Scientists from Technische Universität München, the Slovak Academy of Sciences, and industry have come up with a new contactless power transmission system based on superconducting wire coils — and claim it can transmit more than five kilowatts without serious losses.
"The basic idea with superconducting coils is to achieve the lowest possible alternating current resistance within the smallest possible winding space and thus to compensate for the reduced geometric coupling," explains first author Christoph Utschick of the work behind the recently-published paper. The trick, though: Avoiding current losses as the surface temperature of the superconducting wires rise.
The team's solution was a novel coil design which separates individual windings with spacers. "This trick significantly reduces alternating current loss in the coil," Utschick explains. "As a result, power transmission as high as the kilowatt range is possible."

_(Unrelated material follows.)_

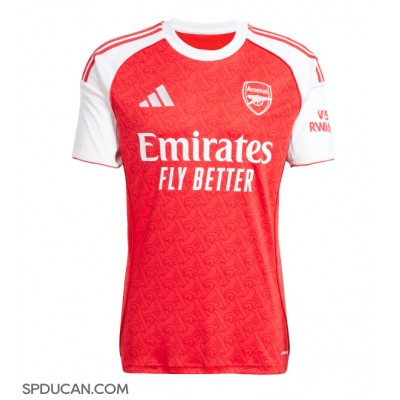 Muški Nogometni Dres Arsenal Martin Odegaard #8 Domaci 2025-26 Kratak Rukav Muški Nogometni Dres Arsenal Martin Odegaard #8 Domaci 2025-26 Kratak Rukav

The resulting coil design can transmit power entirely wirelessly at an output power of 6kW, with a claimed DC-to-DC efficiency over 97 percent — meaning very little of the power is wasted as a result of the transmission. There's a catch, of course: In order for the superconducting wire to remain superconducting, it has to be kept immersed in a liquid nitrogen bath to maintain a chilly 77 Kelvin temperature (around -321°F).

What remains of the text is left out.